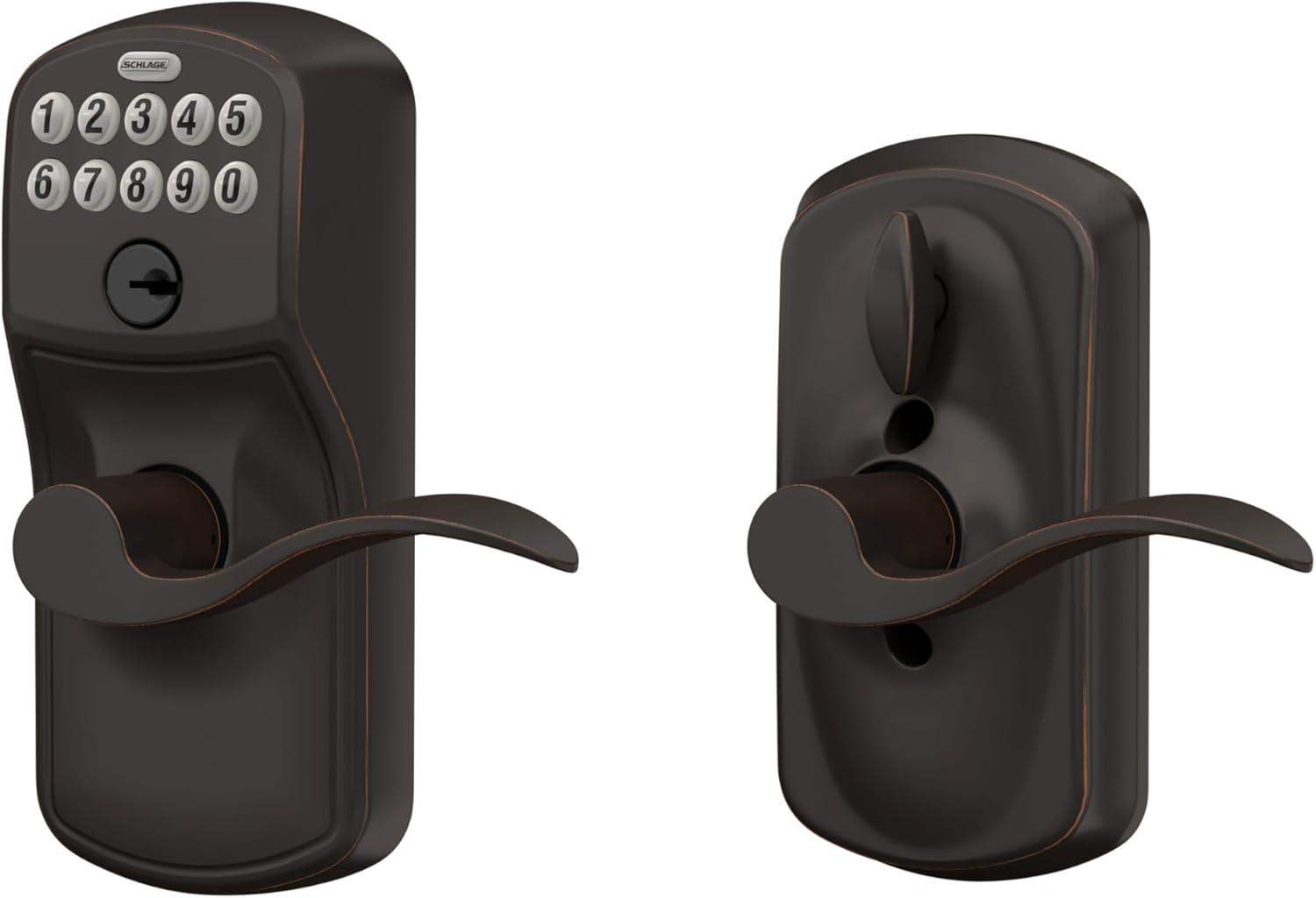 image:imageSCHLAGE FE595 CAM 619 ACC Camelot Keypad Entry with FlexLock and Accent Levers Satin NickelAged Bronze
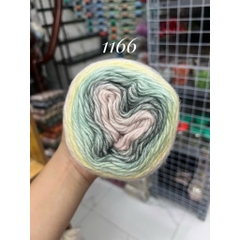 Len Mohair cầu vồng sợi to 2,5mm nhiều màu sắc cuộn 100g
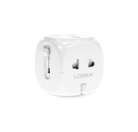 This is a compact white universal travel adapter. This travel power adapter can charge 2 devices simultaneously. 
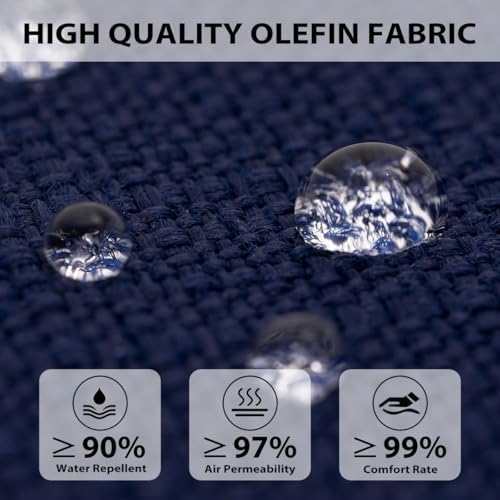 Olefin 6 Inch Thick Chaise Lounge Cushion, Patio Pad Navy Blue 72x21x6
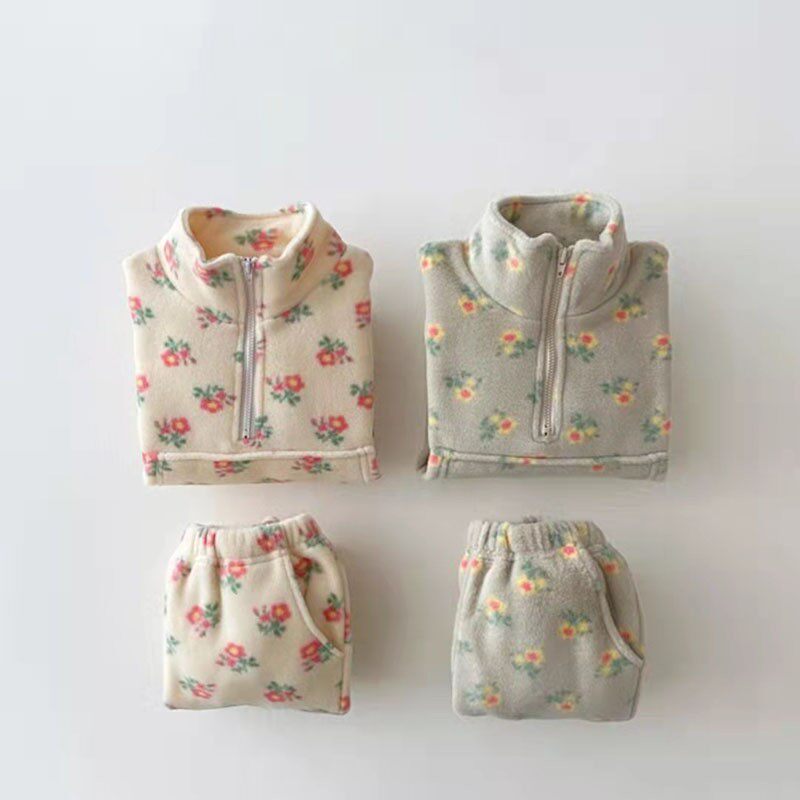 韩国童装男女童儿童秋冬款时尚立领双面绒外套休闲裤长裤套装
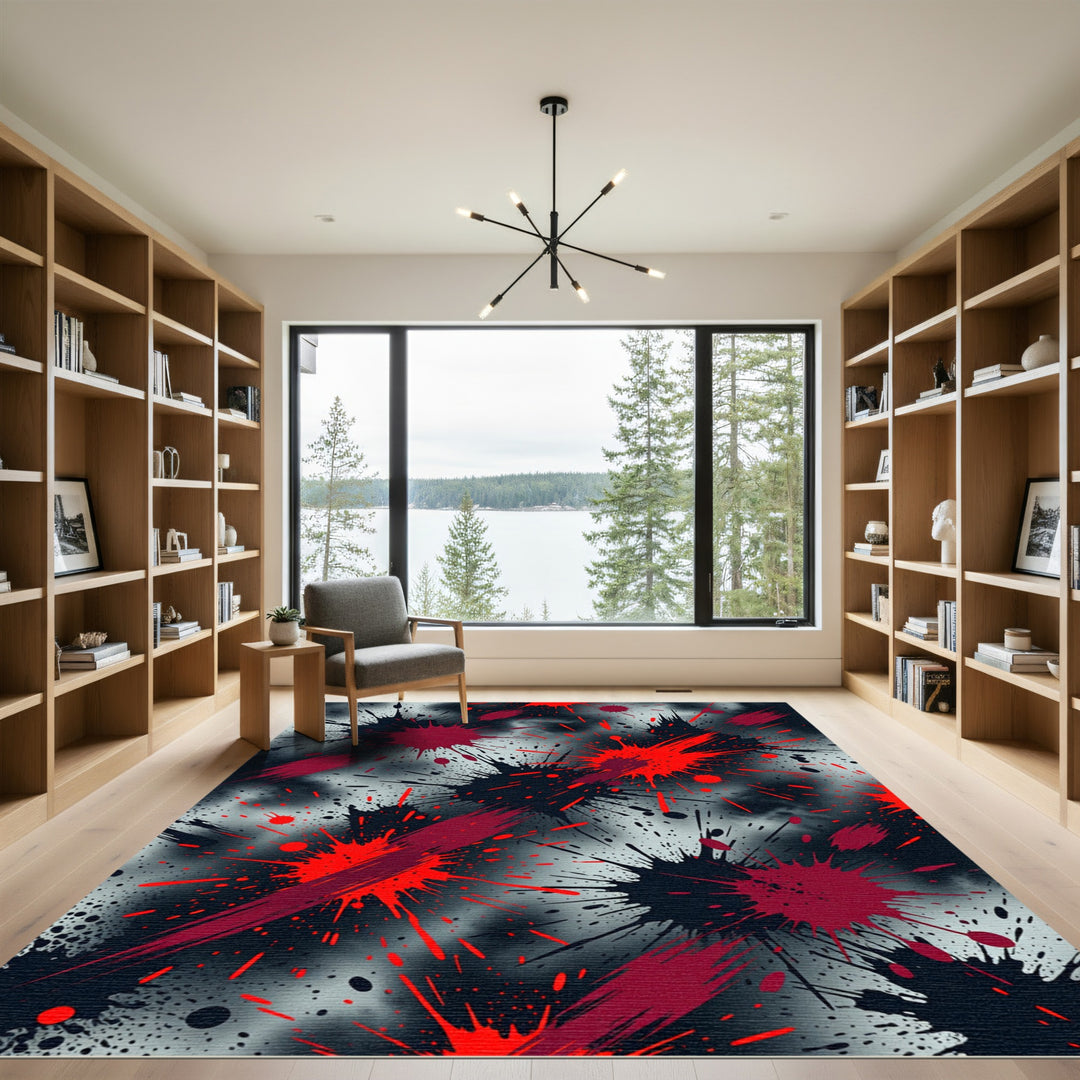 Crimson Splatter Abstract Splash Rug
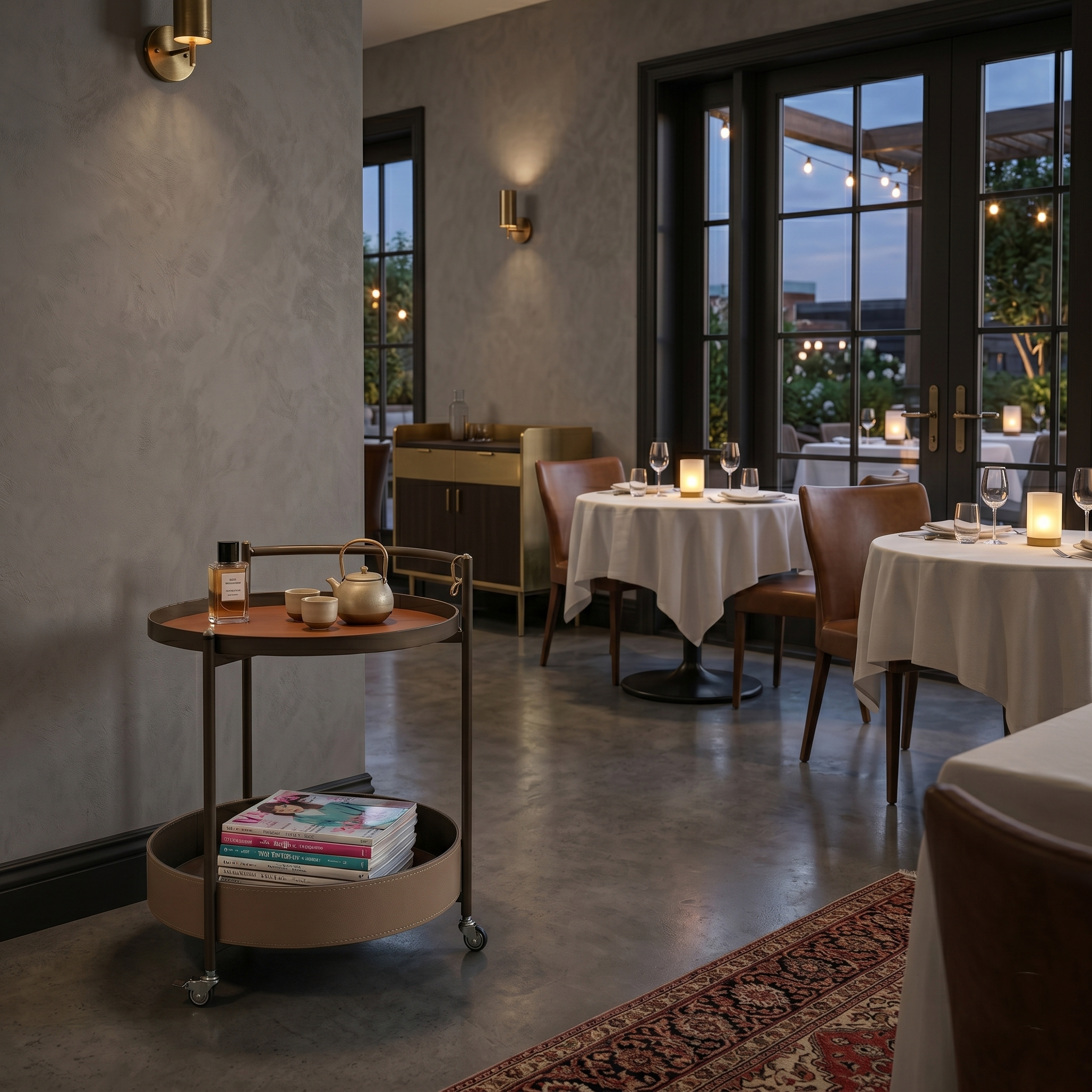 匠心皮藝｜層次拼色皮革雙層行動手推車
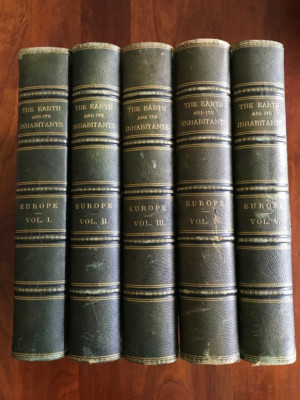1882 The Earth & Its Inhabitants EUROPE (5 Vol Set) w/ MAPS, Wilmington, NC Prov-image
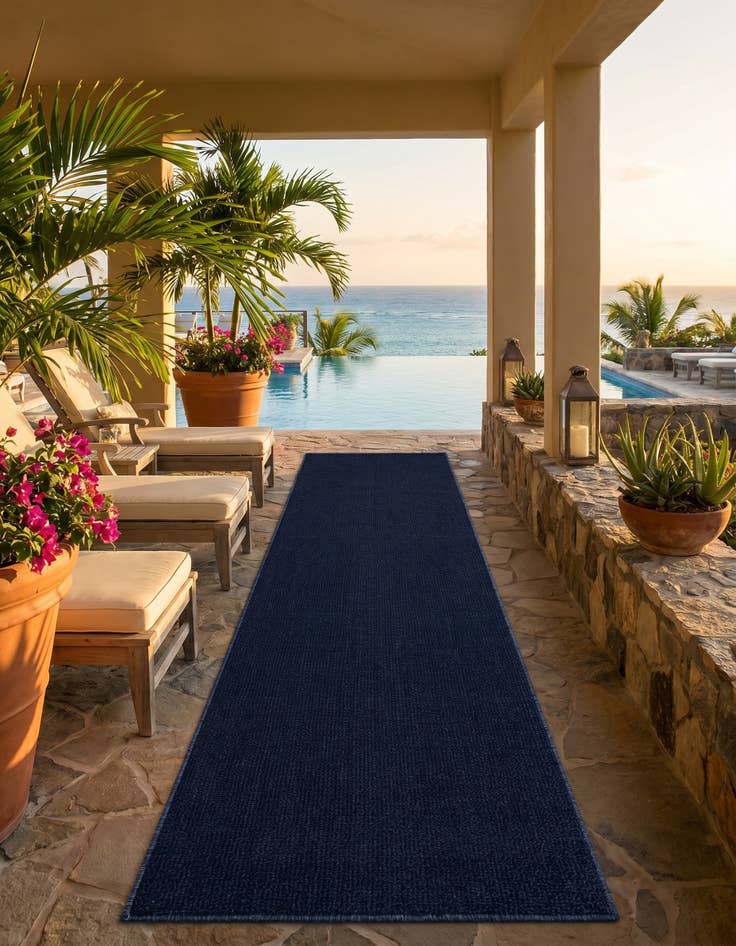 Detail image of 2' x 8' Easy-Clean Solid Indoor / Outdoor Runner Rug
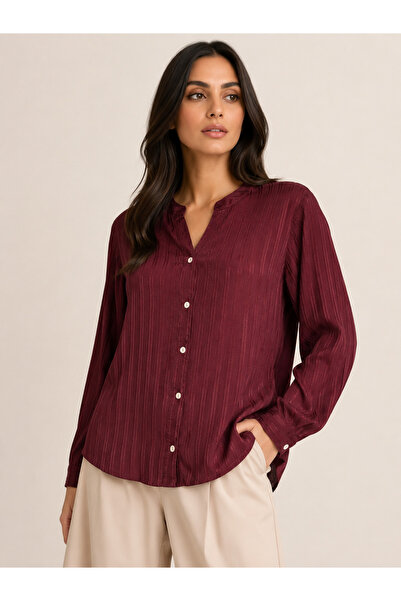 berlanty Luxury Pleated Satin Long Sleeve Blouse - Burgundy (Grape)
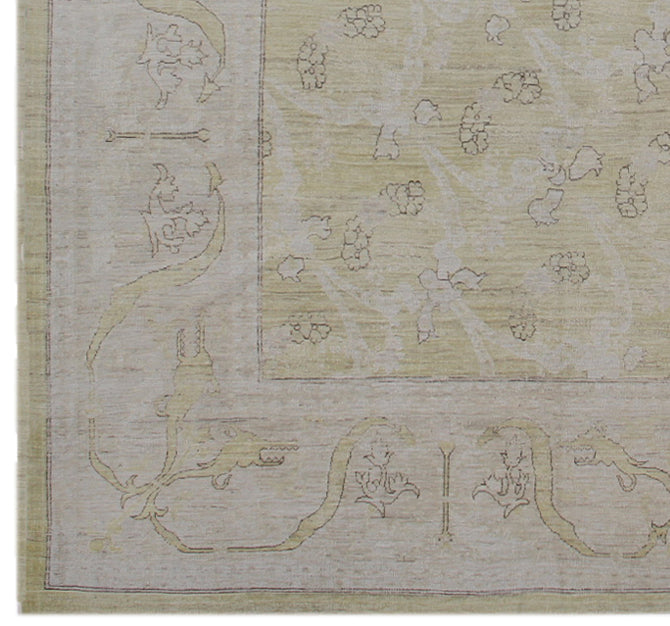 8'x9' Soft Pale Yellow Cream Faded European Design Ariana Luxury Rug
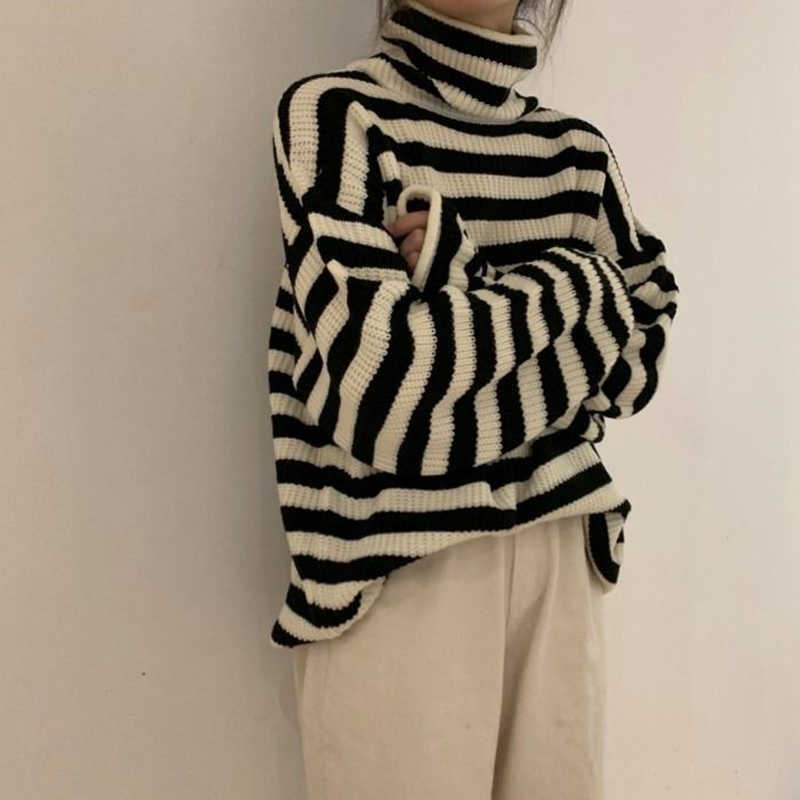 Women Stripes Sweater Harajuku Winter Vintage Women Thickening Loose Warm Turtleneck Sweater 210918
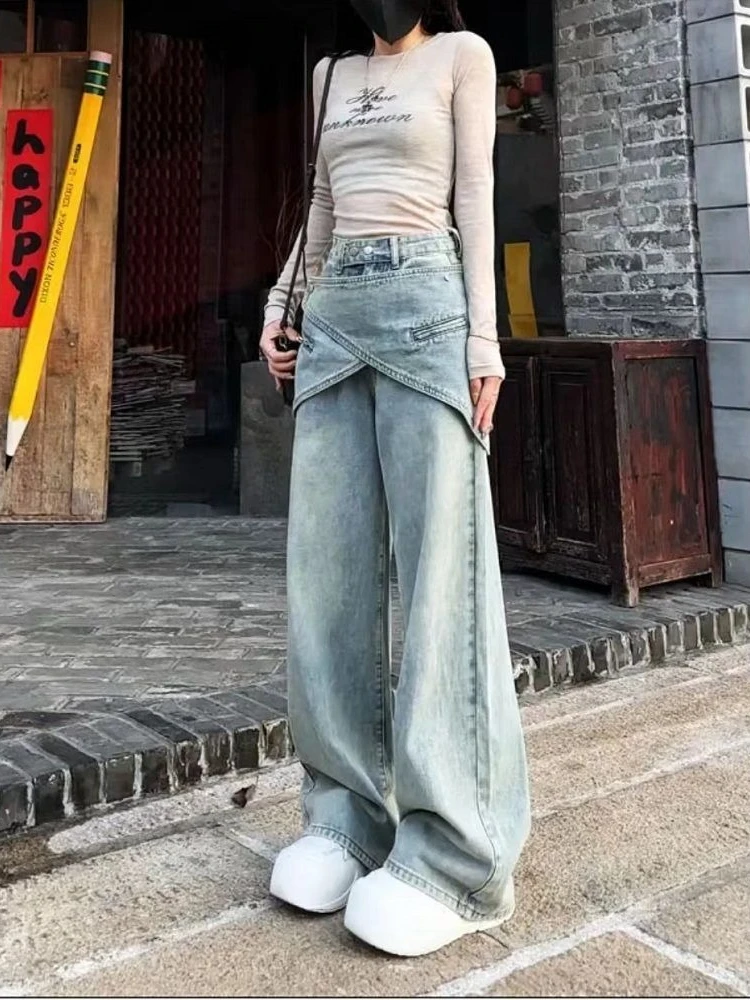 Women's High Waist Baggy Jeans Vintage Streetwear Detachable Corset Belt Wide Leg Denim Pants Layering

* * * * * * * * *

• **Work item**:
Images are to be omitted; repeat the remaining data above exactly.

• **Written answer**:
 image:imageSCHLAGE FE595 CAM 619 ACC Camelot Keypad Entry with FlexLock and Accent Levers Satin NickelAged Bronze
 Len Mohair cầu vồng sợi to 2,5mm nhiều màu sắc cuộn 100g
 This is a compact white universal travel adapter. This travel power adapter can charge 2 devices simultaneously. 
 Olefin 6 Inch Thick Chaise Lounge Cushion, Patio Pad Navy Blue 72x21x6
 韩国童装男女童儿童秋冬款时尚立领双面绒外套休闲裤长裤套装
 Crimson Splatter Abstract Splash Rug
 匠心皮藝｜層次拼色皮革雙層行動手推車
1882 The Earth & Its Inhabitants EUROPE (5 Vol Set) w/ MAPS, Wilmington, NC Prov-image
 Detail image of 2' x 8' Easy-Clean Solid Indoor / Outdoor Runner Rug
 berlanty Luxury Pleated Satin Long Sleeve Blouse - Burgundy (Grape)
 8'x9' Soft Pale Yellow Cream Faded European Design Ariana Luxury Rug
 Women Stripes Sweater Harajuku Winter Vintage Women Thickening Loose Warm Turtleneck Sweater 210918
 Women's High Waist Baggy Jeans Vintage Streetwear Detachable Corset Belt Wide Leg Denim Pants Layering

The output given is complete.